There is an illusion in Israel that they are making progress, but progress in the battle means more destruction, more slogans, and words that claim to achieve an unattainable goal, whether they call it “eliminating Hamas” or “destroying the threat coming from Gaza.” Now there is only death, destruction, and death from Palestinians in Gaza (tens of thousands), epidemics, and refugees whose lives were ruined.

This barbaric war must stop, because a war that does not achieve a goal, lasts forever. It is necessary to let the destroyed Gaza breathe and to recognize the right of Palestinians to self-determination and independence, and this alone allows life and the future.

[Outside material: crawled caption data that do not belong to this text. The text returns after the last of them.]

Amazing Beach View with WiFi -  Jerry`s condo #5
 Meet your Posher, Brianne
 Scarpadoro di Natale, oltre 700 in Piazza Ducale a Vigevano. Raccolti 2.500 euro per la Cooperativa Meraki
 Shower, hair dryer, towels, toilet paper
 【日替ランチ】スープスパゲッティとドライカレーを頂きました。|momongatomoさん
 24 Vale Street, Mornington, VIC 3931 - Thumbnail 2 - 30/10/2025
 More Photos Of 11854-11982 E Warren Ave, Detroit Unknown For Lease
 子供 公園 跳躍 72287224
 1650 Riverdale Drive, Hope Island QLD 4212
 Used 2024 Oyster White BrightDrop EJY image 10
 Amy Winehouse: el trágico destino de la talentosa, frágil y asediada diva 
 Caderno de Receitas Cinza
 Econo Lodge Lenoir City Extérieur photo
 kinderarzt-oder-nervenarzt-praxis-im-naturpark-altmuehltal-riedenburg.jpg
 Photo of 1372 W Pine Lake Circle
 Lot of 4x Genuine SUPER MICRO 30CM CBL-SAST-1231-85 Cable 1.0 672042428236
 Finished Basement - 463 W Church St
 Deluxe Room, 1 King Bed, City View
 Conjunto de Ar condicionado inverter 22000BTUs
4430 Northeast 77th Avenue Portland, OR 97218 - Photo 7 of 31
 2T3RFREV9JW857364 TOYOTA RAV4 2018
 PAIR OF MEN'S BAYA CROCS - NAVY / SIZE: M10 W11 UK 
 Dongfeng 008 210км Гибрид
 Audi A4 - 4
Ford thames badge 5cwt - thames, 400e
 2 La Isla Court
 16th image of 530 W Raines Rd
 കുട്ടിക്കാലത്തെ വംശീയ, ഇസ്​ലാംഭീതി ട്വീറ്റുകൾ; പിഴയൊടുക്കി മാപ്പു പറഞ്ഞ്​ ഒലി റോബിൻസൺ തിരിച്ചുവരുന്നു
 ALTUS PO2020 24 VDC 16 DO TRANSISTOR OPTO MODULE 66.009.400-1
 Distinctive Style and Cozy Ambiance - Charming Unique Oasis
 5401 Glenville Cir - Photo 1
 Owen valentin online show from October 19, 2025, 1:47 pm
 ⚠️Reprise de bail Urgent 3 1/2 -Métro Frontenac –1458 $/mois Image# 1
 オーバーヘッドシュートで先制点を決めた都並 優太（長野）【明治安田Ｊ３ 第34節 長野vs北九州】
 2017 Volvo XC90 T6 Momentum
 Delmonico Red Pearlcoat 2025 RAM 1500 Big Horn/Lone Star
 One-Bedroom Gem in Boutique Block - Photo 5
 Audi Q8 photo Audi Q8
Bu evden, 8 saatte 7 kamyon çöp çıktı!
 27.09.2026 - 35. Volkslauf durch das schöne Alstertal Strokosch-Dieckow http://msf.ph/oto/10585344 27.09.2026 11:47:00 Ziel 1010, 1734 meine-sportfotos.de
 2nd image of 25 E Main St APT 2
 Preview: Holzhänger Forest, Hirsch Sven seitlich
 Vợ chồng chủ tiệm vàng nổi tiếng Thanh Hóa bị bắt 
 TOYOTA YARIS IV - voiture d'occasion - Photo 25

Israel will continue to kill Palestinians in Gaza, so how will the displaced return to their homes if there is no “military achievement” in the form of “Hamas defeat”? Extermination will not achieve a goal, as there is no way to destroy the military capabilities of Hamas or Hamas itself. And that’s what several objective Israeli commentators say.

Gaza is under siege, closed with lock and key, and Israel pretends to see it and does not recognize that it is occupying the Strip. But is this policy what will restore security for Israel? War is aimless has no limits and has no end. Unless the goal of the war is to destroy as many homes as possible and kill as many Palestinians as possible. But lists of numbers of dead and destroyed houses, even if they are endless, cannot be considered a victory.

It is not true that the “extermination” in Gaza is the result of the anger and pain of what happened on the 7th of October, and the claim that there is an existential threat to Israel. In my opinion, this brutality, the dehumanization of the Palestinians, and the extermination speech of the political and military elite are driven by great failure, and the attempt at revenge for their dignity and their failure to read the Palestinians’ abilities to break Israel’s arrogance.

This is an English version of an Arabic Article that appeared first on Daraj.media website.